When the previously established classifier was mapped to these 15 CpG units as assessed by MALDI-TOF and applied to the validation cohort, validation failed within this cohort. The resulting receiver operating characteristic (ROC) curve was only slightly above the bisecting line and the area under the curve (AUC) was 0,59 resulting in low performance (Additional file 2: Fig. 8).

Independently validated CpGs, in proximity of the classifier comprised CpGs allow for prediction of therapy response in the validation set (EXP arm), but are not specific for HMA treatment with AZA

We tested, if the signature’s distinction capacity could be preserved with the information from neighboring CpGs by the additionally generated methylation data from flanking regions. Significant differences in methylation were tested for between responders and non-responders by non-parametric Mann–Whitney-U testing both in the EXP and STD arm based on methylation data generated by mass spectrometry. Assessment was performed in the validation cohort and significant differences are visualized in Fig. 4A. There was no overlap with significant hits from the STD arm (Additional file 2: Fig. 9). Significant hits comprised 5 out of 17 target regions from the original classifier.

Based on these results the classifier was recomposed by penalized regression and included 8 out of 15 significantly differentially methylated MassARRAY units, consisting of up to 3 CpGs (Fig. 4B). In total, 12 CpGs were included in the refined classifier. With the refined classifier, prediction of therapy response has an apparent misclassification error of 0.2157, if run without considering subsampling to avoid overfitting. Compared to the original classifier, predictive quality is significantly improved (AUC = 0.924). For the given results, a sensitivity of 93.3% and a specificity of 42.9% can be calculated (Fig. 5A, B; Additional file 2: Fig. 10).

For a final evaluation of classifier quality unbiased from potential overfitting, misclassification error and an AUC were calculated based on 0.632 + bootstrap resampling (Fig. 5C). The refined lasso signature has a bootstrap estimated unbiased misclassification error of about 35%, while the reference error for the null model is about 41%.

In summary, the value of this model for predicting therapy response in new samples is better than the null model. Nevertheless, a substantial error remains. The bootstrap-estimated AUC is about 0.77, which is lower than the AUC computed on the full data set, but better than the AUC for the reference model (Fig. 5C2). Our DNA methylation-based signature which was trained to predict response to therapy was also associated with a trend towards improved OS and a significantly improved EFS (data not shown).

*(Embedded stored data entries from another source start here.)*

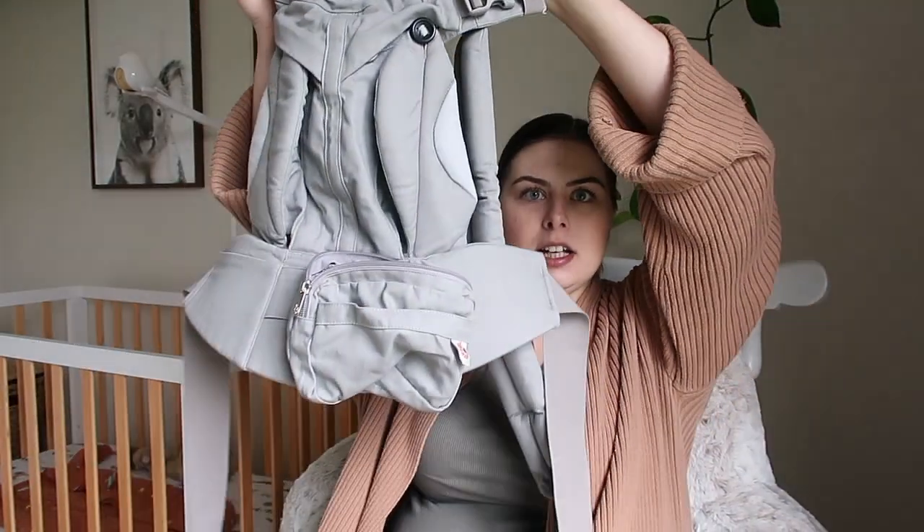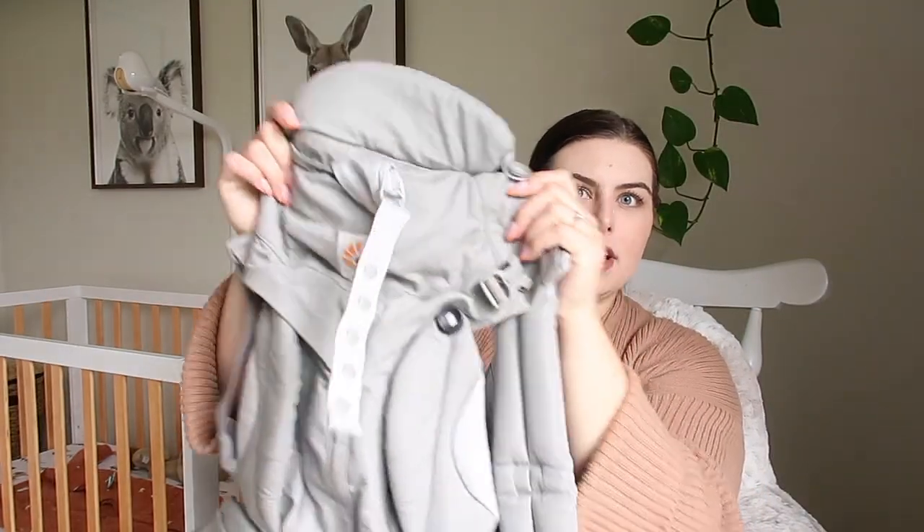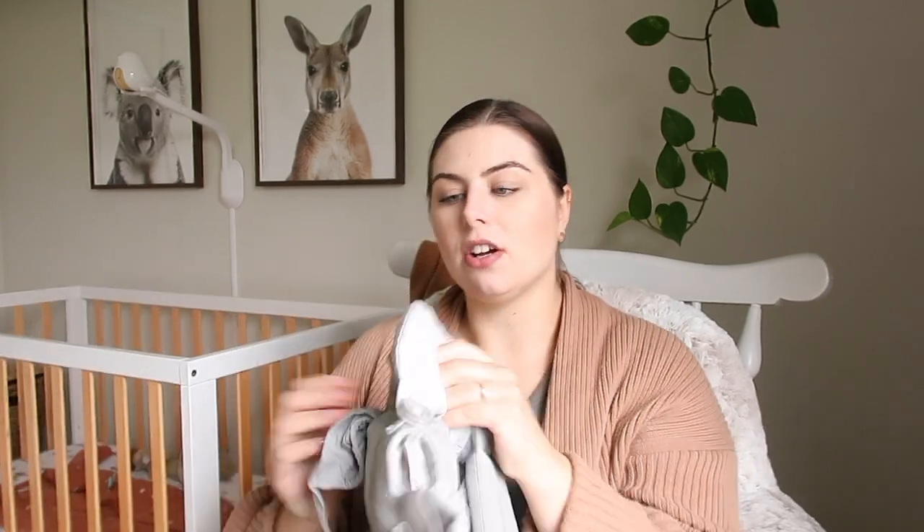The first product regret — and I feel like I might regret saying this was a regret — is the Ergo baby carrier. I think I have the Ergo 360. I'll show you, it's just this one here with the little pouch thing, I got it in grey. I just found this so hard to put on by myself and it was really bulky and a little bit uncomfortable when the baby was a newborn. I did have another carrier, a wrap one, but that was also annoying to put on.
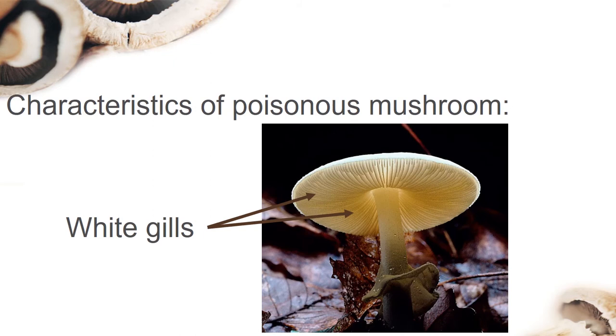The first characteristic is white gills. These are the lines under the cap of a mushroom — we call them gills. Poisonous mushrooms have white gills.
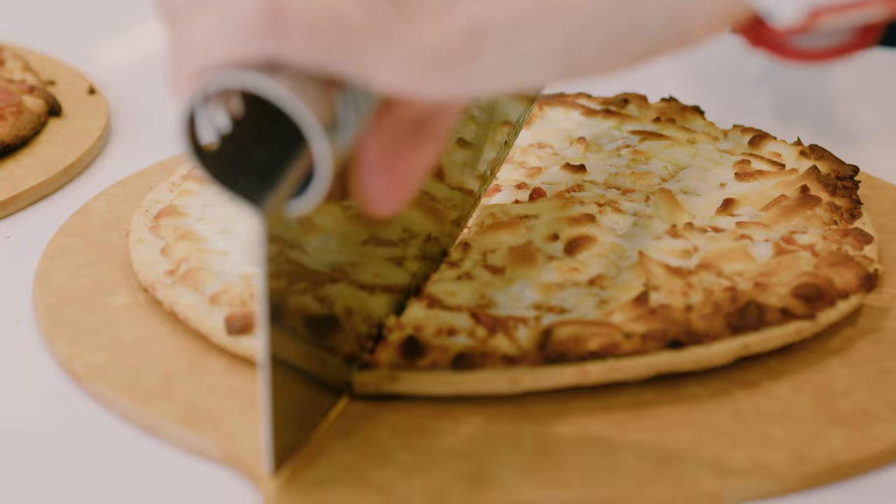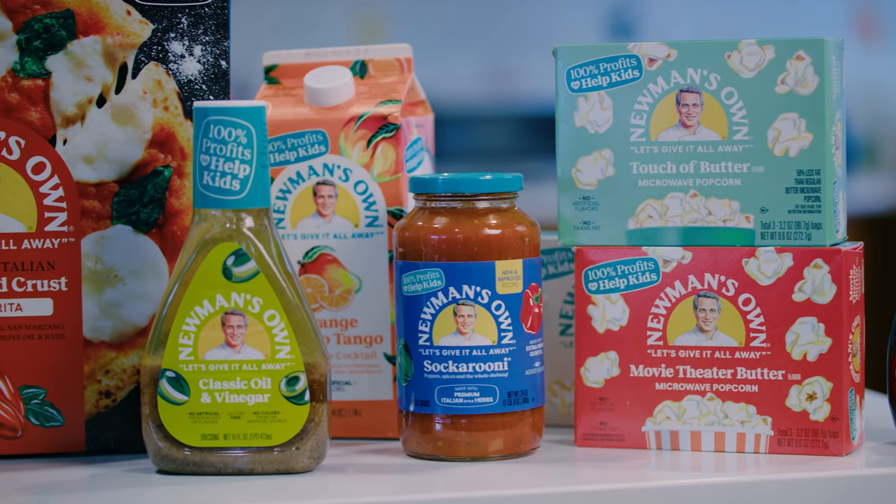Newman's Own is a wonderful branding company started by Paul Newman in 1982. It is all about making great tasting, high quality food without any bad things in it, no junk in it.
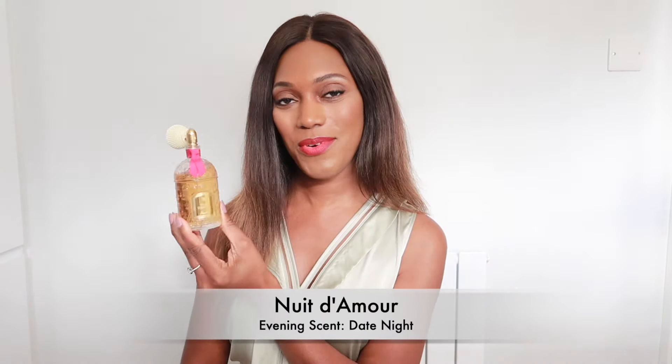Still within the evening category, these are my recommendations for date night — perfumes that radiate quite close to the skin, not too overwhelming or potent. They are cuddling scents, sweet, more on the gourmand side, quite romantic and sensual. My top pick for date night is Nuit d'Amour. I absolutely love this perfume.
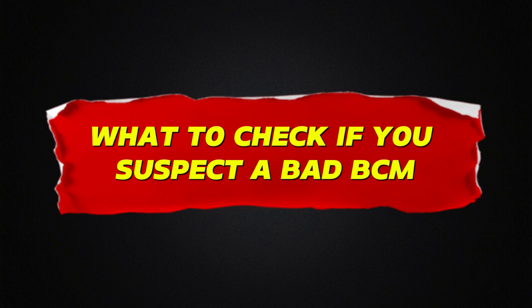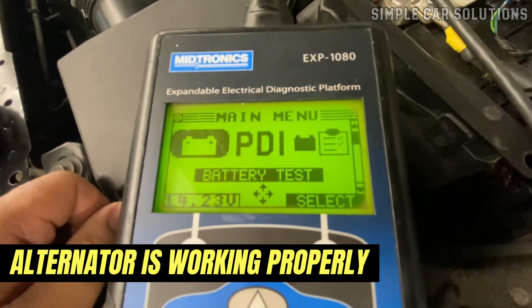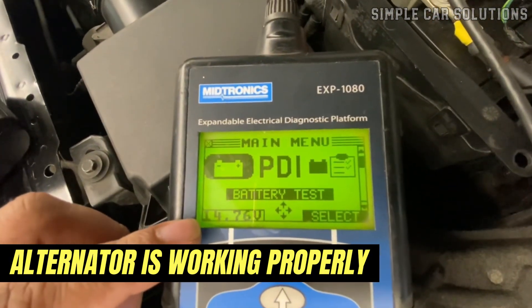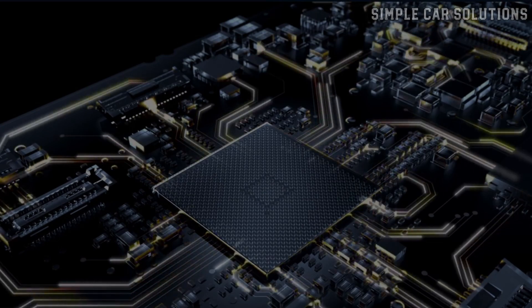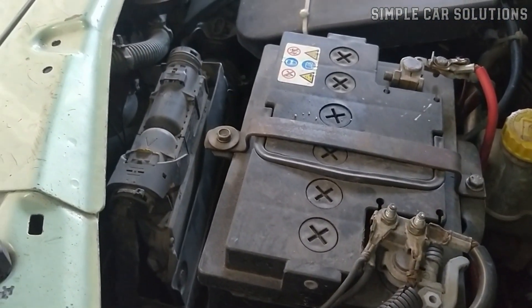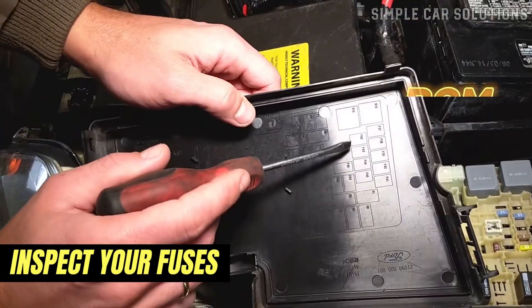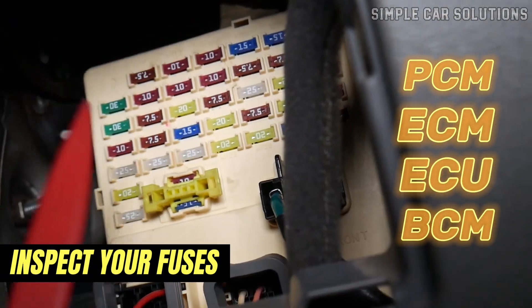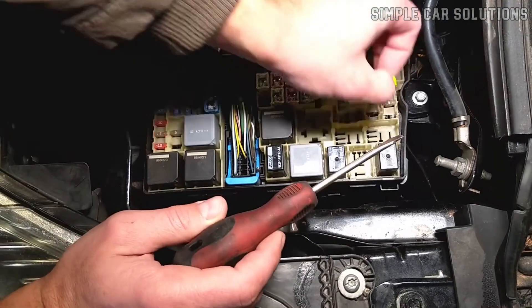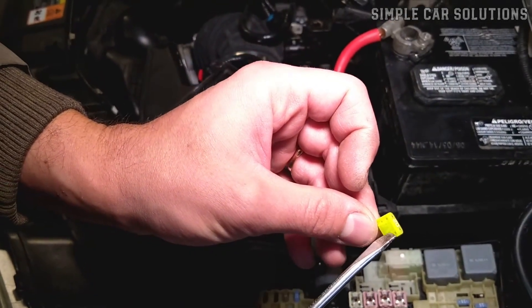What to check if you suspect a bad body control module: if you think your body control module might be failing, there are a few basic checks you should do before replacing anything. First, make sure the battery is fully charged and in good condition. Also verify that your alternator is working properly and there are no charging issues. All computer modules in your vehicle, including the BCM, require a stable and reliable power supply, so electrical problems can easily cause false symptoms or communication errors. Next, inspect your fuses — start by checking any labeled PCM, ECM, ECU, or BCM, but it's a good idea to go over all computer-related fuses in the fuse box. Even a single blown fuse can interrupt power to the BCM or its connected systems, so this is a simple but important step in ruling out other causes.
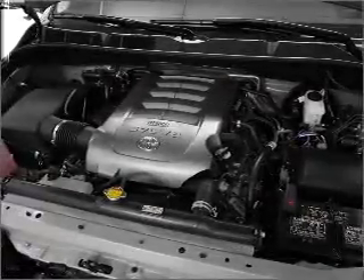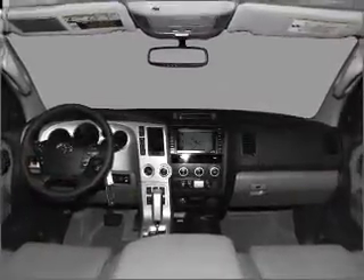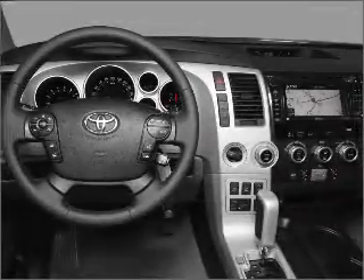Anti-lock brakes help you bring your vehicle to a safe stop. Tailor the temperature to your preference and your passengers. There's nothing like a sunroof on a nice day, and memory settings make for a more comfortable ride.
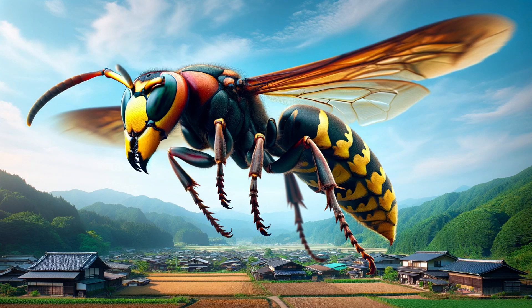Japanese giant hornet. These hornets are notorious for their aggressive behavior, large size — up to 2 inches long — and powerful sting. They can cause allergic reactions and, in rare cases, fatalities.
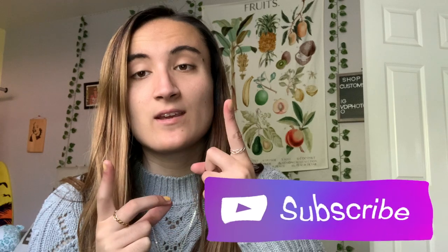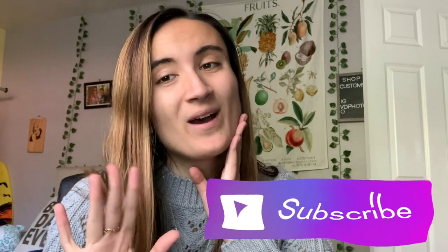That is basically it for the day in the life. I hope you guys enjoyed it — give this video a thumbs up and let me know down below what kind of day in the life videos you want to see more. Subscribe if you aren't subscribed, and I'll see you next week. Bye!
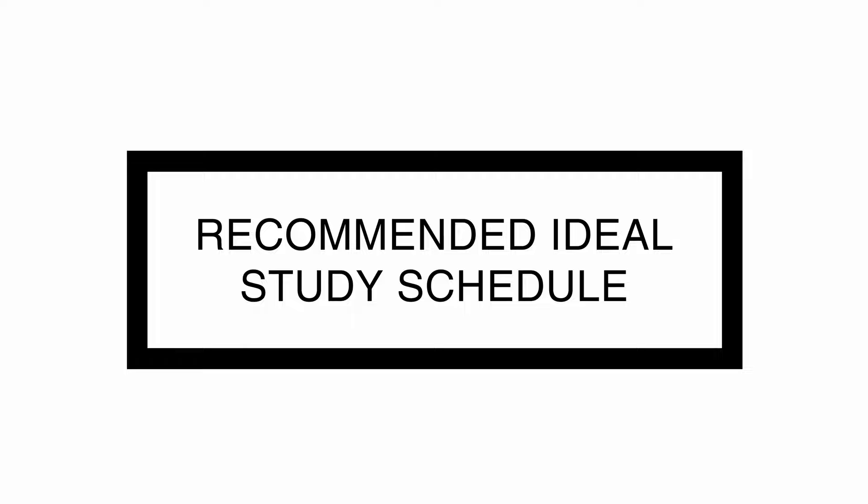Now let me recommend an ideal study schedule. This is a rough outline of what I would do if I had no idea what the GMAT was and was just getting started. It's going to depend on your situation — how far along you are — and I do recommend researching other resources and asking others how they studied, since I'm just one person. Hopefully this helps you piece together your own plan.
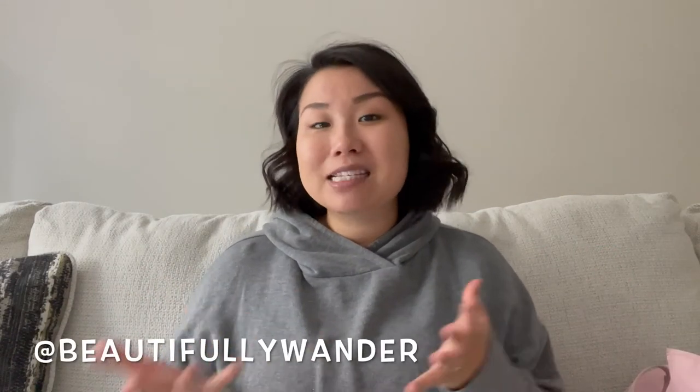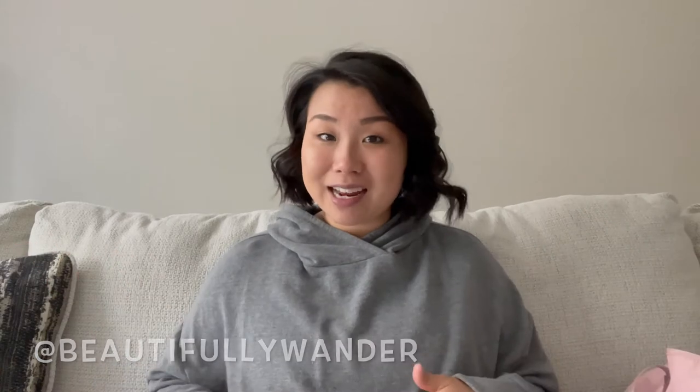Hi friends and welcome back to the channel. If you've been following me since the fall, you know that I am pregnant. As I'm filming this video, I am 37, almost 38 weeks pregnant. She can literally come any week, any day now. So I thought I would share with you what camera equipment I'm packing in my hospital bag.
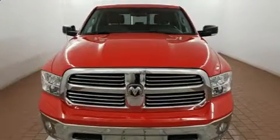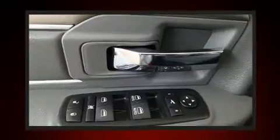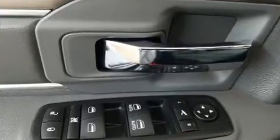Passenger security is always assured thanks to various safety features such as head curtain airbags, front side impact airbags, traction control, brake assist, a panic alarm, and four-wheel disc brakes with ABS.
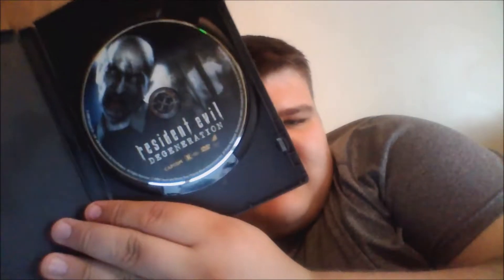So I decided to review Resident Evil Degeneration instead. I will probably review one of the live-action movies next year — maybe the first movie, because that's probably my favorite out of those. But Resident Evil Degeneration, I think, is basically how the live-action movie should have been.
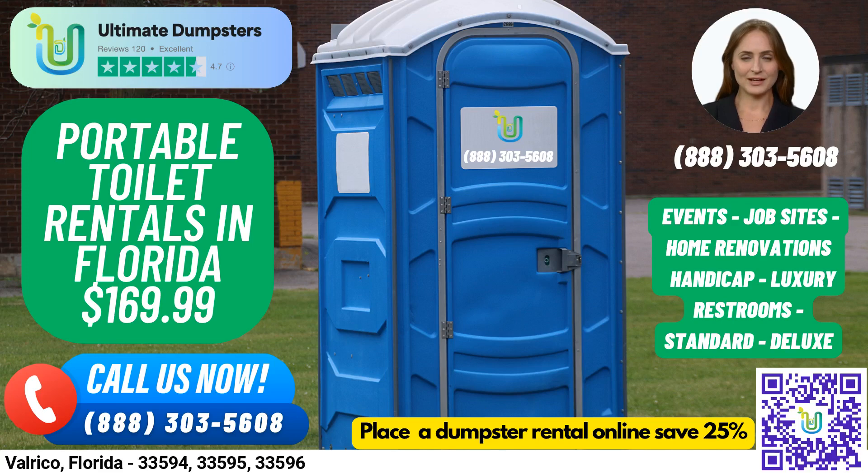Hello and welcome to our video presentation on renting port-a-potties in Valarco, Florida with Ultimate Dumpsters. We are a leading provider of waste management solutions with nationwide coverage, delivering to over 50,000 cities across 50 states and 3 countries. We source dumpsters using the best and cheapest local providers, ensuring that you receive the highest quality service at an affordable price. Our 4.5-star rated reputation speaks to the quality of our service and the satisfaction of our customers.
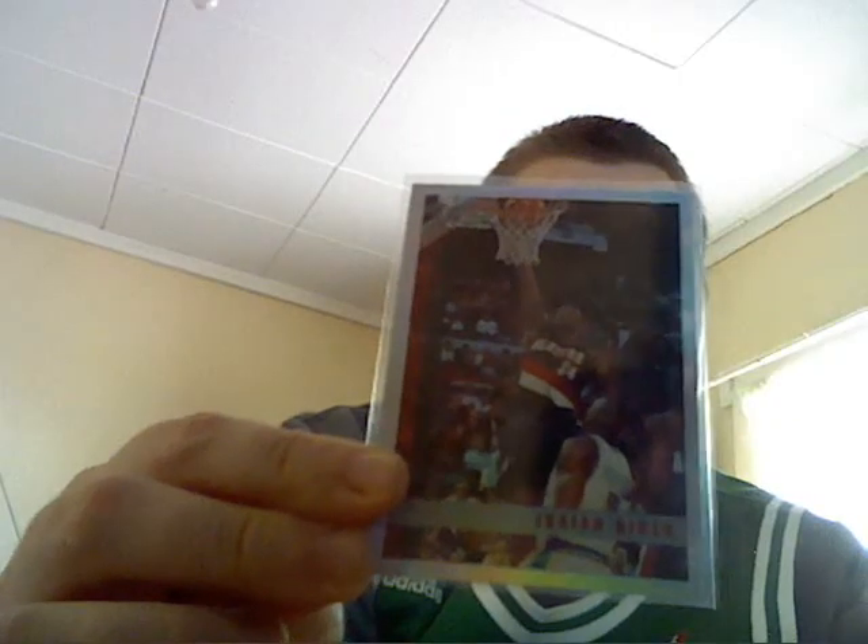So yeah, that's my non-Wolves PC additions. I'm wearing my KG jersey because I still love me some KG. Thanks for looking and stay tuned for more videos.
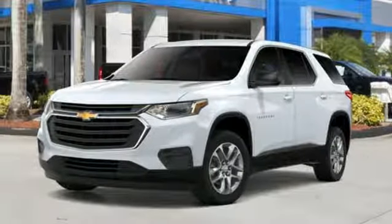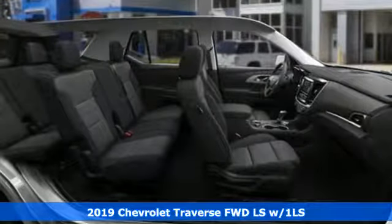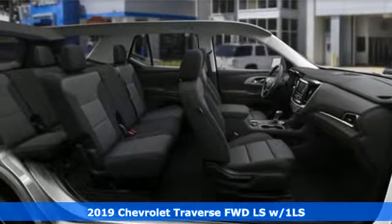Here's a new 2019 Chevrolet Traverse. Style, space and amenities. This is everything but compromise.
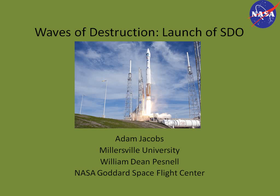Thank you for coming, everyone. I did a study this past summer as part of an internship at Goddard on the launch of the Solar Dynamics Observatory. I'm going to talk about several atmospheric phenomena that occurred during that launch.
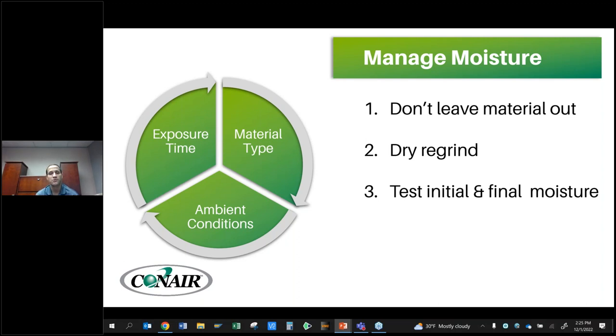Another tip: dry your regrind. If you grind it right at the press and throw it back in, you're probably fine depending on the material. But just because it's not virgin material doesn't mean you don't have to consider how you're going to dry it. If it's been sitting out or offline or outside, you're going to need a way to dry your regrind as well — maybe mixing it with virgin and drying as a batch, or using two separate drying systems.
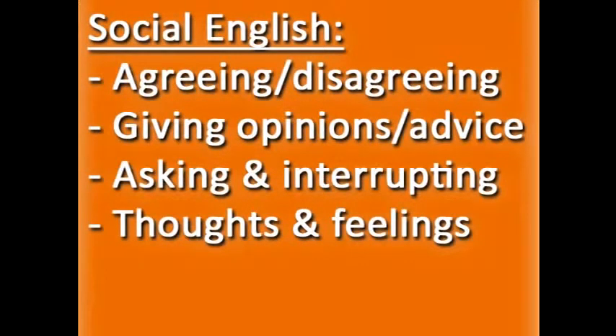You'll also learn important phrases for social English, so that you can interact with other English speakers successfully and confidently, with lessons on agreeing and disagreeing, giving opinions and advice, asking and interrupting politely, and expressing your thoughts and feelings.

To further assess the classifier’s specificity to HMA treatment it was tested within the STD arm of the validation cohort. With a misclassification error of 0.24 and an AUC of 0.76, the signature unfolds a prediction performance in the STD arm, comparable to the 0.632 + -bootstrap estimates for misclassification error and AUC within the EXP arm (Additional file 2: Fig. 11). Though the recomposed classifier can better discriminate between response and non-response than the null model, it does not reach its genuine goal to discriminate therapy response, specific for AZA.

Multivariable analysis shows the association of 12-CpG-classifier with treatment response to be independent of potential confounders

Multivariable analysis including potential confounding variables showed that both mutational status of epigenetic modifier genes such as DNMT3A and IDH1/2 and cytogenetics had no impact on the significance of the classifier (Fig. 6A, B). The effect of the 12-CpG signature remained statistically significant in all models, indicating that neither of these variables are important confounders for treatment response in our experimental setting. However, small sample size, the limited panel of mutations and protocol restrictions excluding several recurrent mutations in AML and an overall low fraction of patients with mutations restrict this multivariable analysis.